Open-Source AI Agents: Expert Knowledge Base
Comprehensive Guide to AI Agent Frameworks, Architectures, and Best Practices
Last Updated: January 17, 2026
Introduction and Overview
This document serves as a comprehensive expert knowledge base on open-source AI agent frameworks and solutions. It covers the foundational concepts, architectures, tools, and best practices necessary to build sophisticated, production-ready AI agents.
What Are AI Agents?
AI agents are autonomous systems that use Large Language Models (LLMs) to perceive their environment, make decisions, and take actions to achieve specific goals.

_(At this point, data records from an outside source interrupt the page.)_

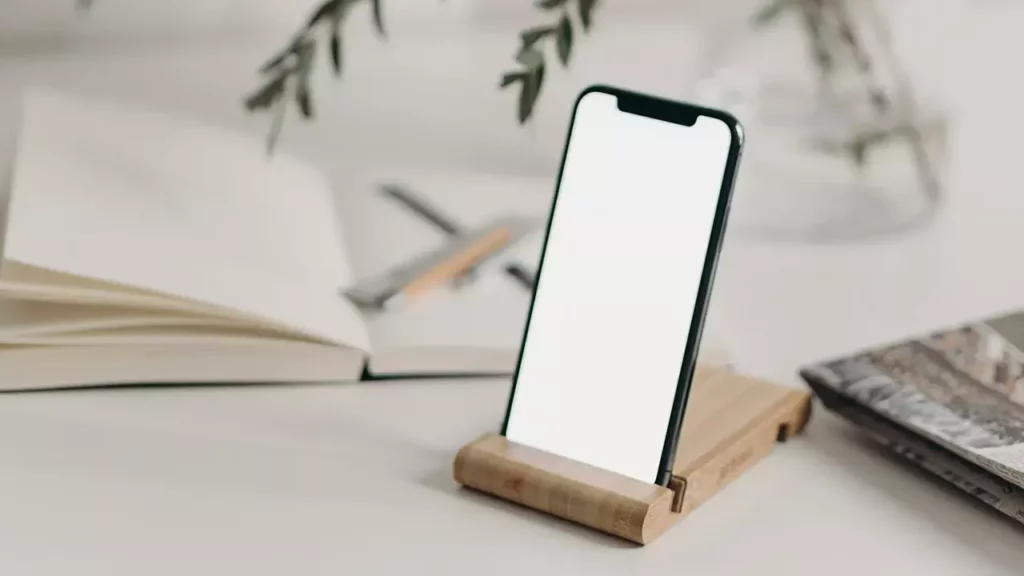 How to Delete Wallpapers on iOS 16 in Just 5 Easy Steps?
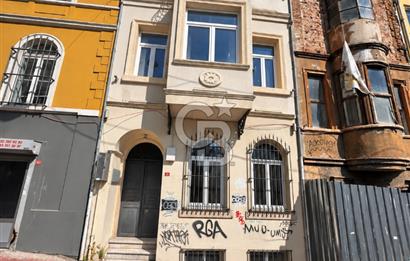 Galata'da Lüleci Hendek caddesinde 2 katlı bahçeli ticari alan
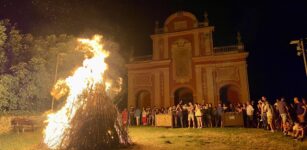 La Guida - Caraglio, la festa con il falò di San Giovanni (video)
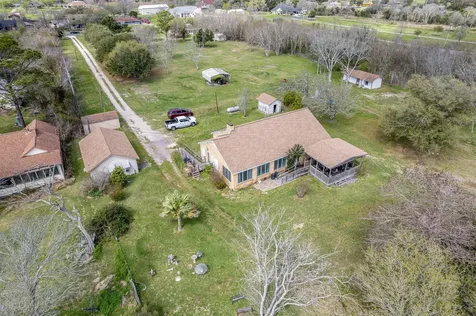 11910 Cedar Gully Road Beach City TX 77523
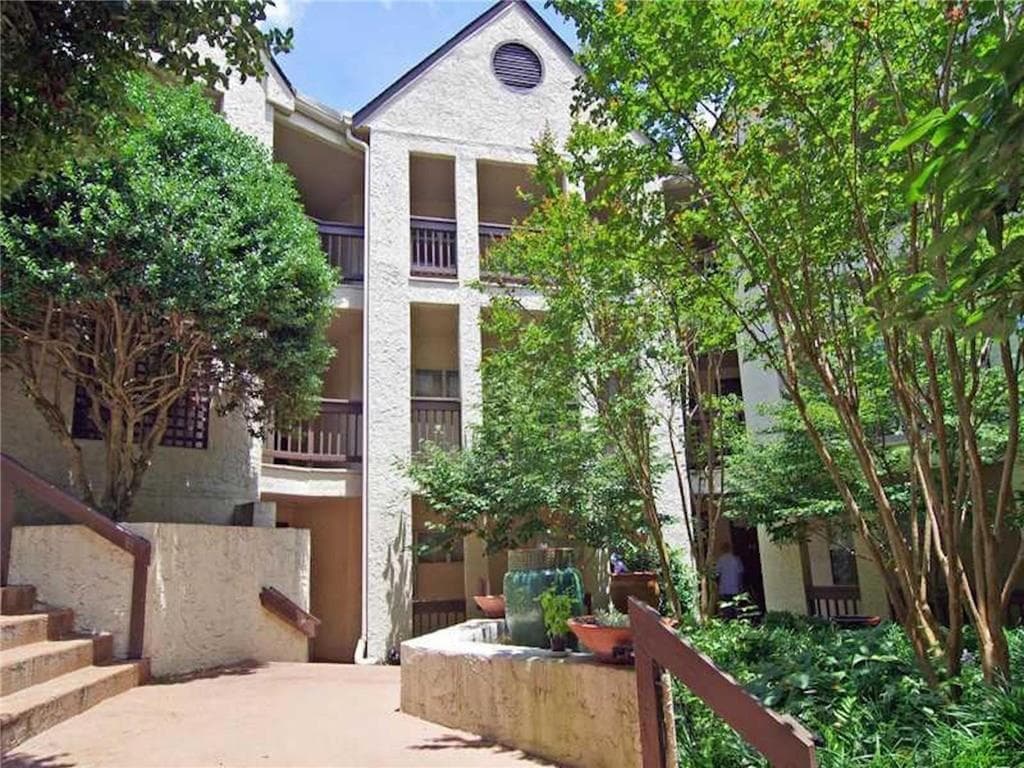 477 Sherman Way, Decatur, GA 30033 — most recent listing photo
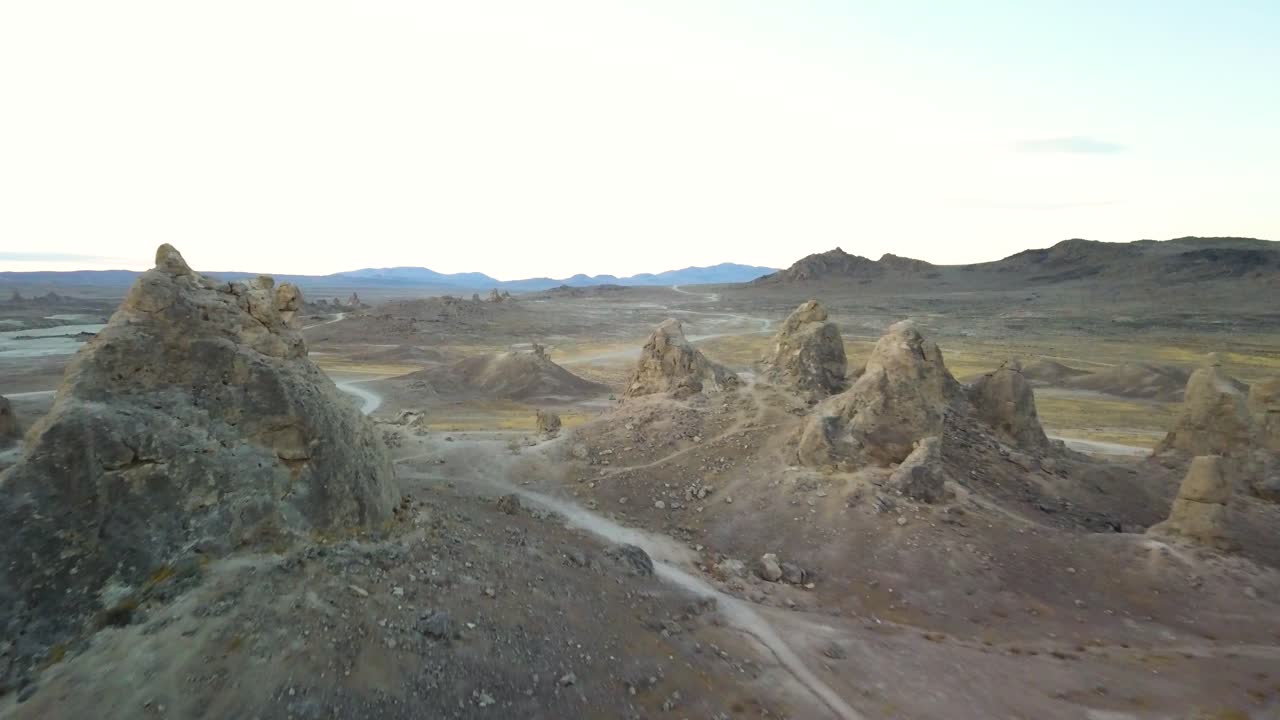 Splendidi Trona Pinnacles nel deserto montano della Sierra Orientale in California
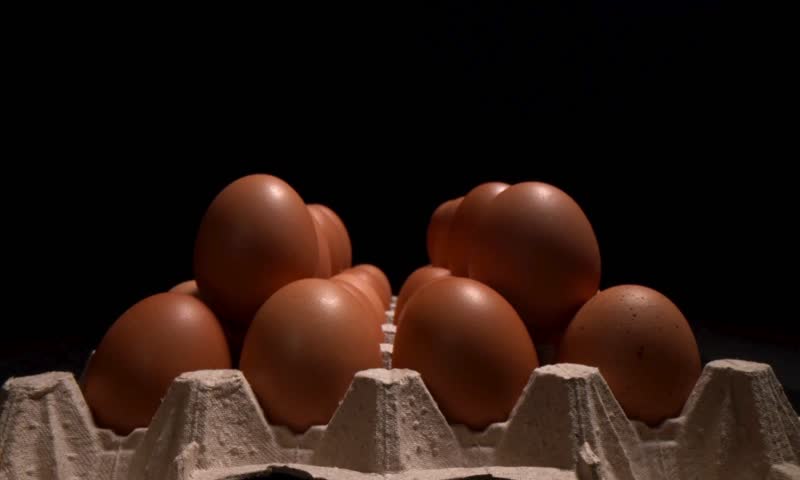 Seamless looping animation of enormous numbers of eggs. Raw hen's eggs. Fresh eggs for sale at a market. Healthy fresh food ingredients for breakfast. Animal products. Grocery. Chicken farm fresh eggs Royalty-Free Stock Footage #3471056839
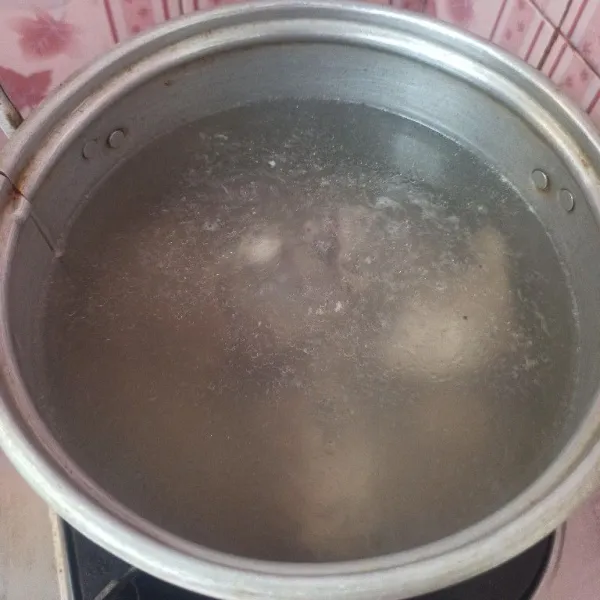 Rebus air hingga mendidih setelah mendidih masukkan ayam yang sudah dibersihkan rebus dengan api kecil hingga matang.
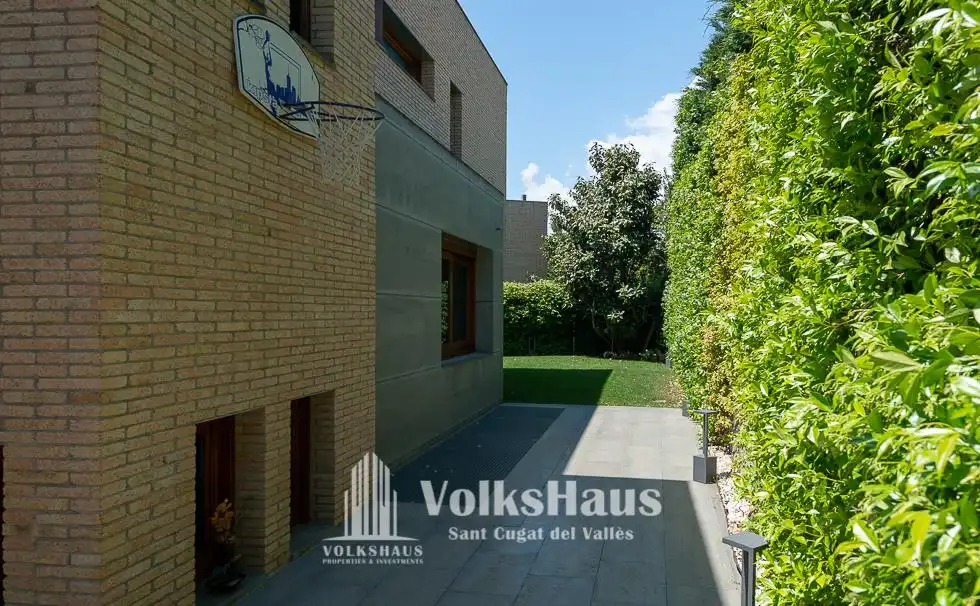 Außenansicht von Haus oder Chalet zum Verkauf in Sant Cugat del Vallès mit Klimaanlage, Heizung und Privatgarten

Unlike simple chatbots, agents can:
- Reason about complex problems using chain-of-thought processes
- Act by invoking tools and interacting with external systems
- Learn from feedback and adapt their behavior over time
- Collaborate with other agents in multi-agent systems
Document Scope
This knowledge base focuses exclusively on truly open-source frameworks and solutions, including:
| Framework | Primary Focus | GitHub Repository |
|---|---|---|
| LangChain | LLM application development | langchain-ai/langchain |
| LangGraph | Stateful agent orchestration | langchain-ai/langgraph |
| CrewAI | Multi-agent collaboration | crewAIInc/crewAI |
| AutoGen | Conversational multi-agent systems | microsoft/autogen |
| OpenAI Agents SDK | Lightweight agent framework | openai/openai-agents-python |
Topics Covered
This knowledge base is organized into the following sections:
- LangChain & LangGraph - Foundations of LLM application development
- Agent Architectures - ReAct, multi-agent systems, Deep Agents, sub-agents
- MCP (HTTPS Transport) - Model Context Protocol specification
- Tools & Actions - File systems, web search, code interpreter, computer use, shell
- RAG - Retrieval Augmented Generation patterns
- Memory Systems - Short-term, long-term, and episodic memory
- Context Engineering - Prompt techniques and context management
- Open-Source Ecosystem - CrewAI, AutoGen, OpenAI Agents SDK
- Integration Patterns - Best practices and production considerations
All content in this knowledge base has been verified against official documentation, GitHub repositories, and authoritative technical sources as of January 17, 2026.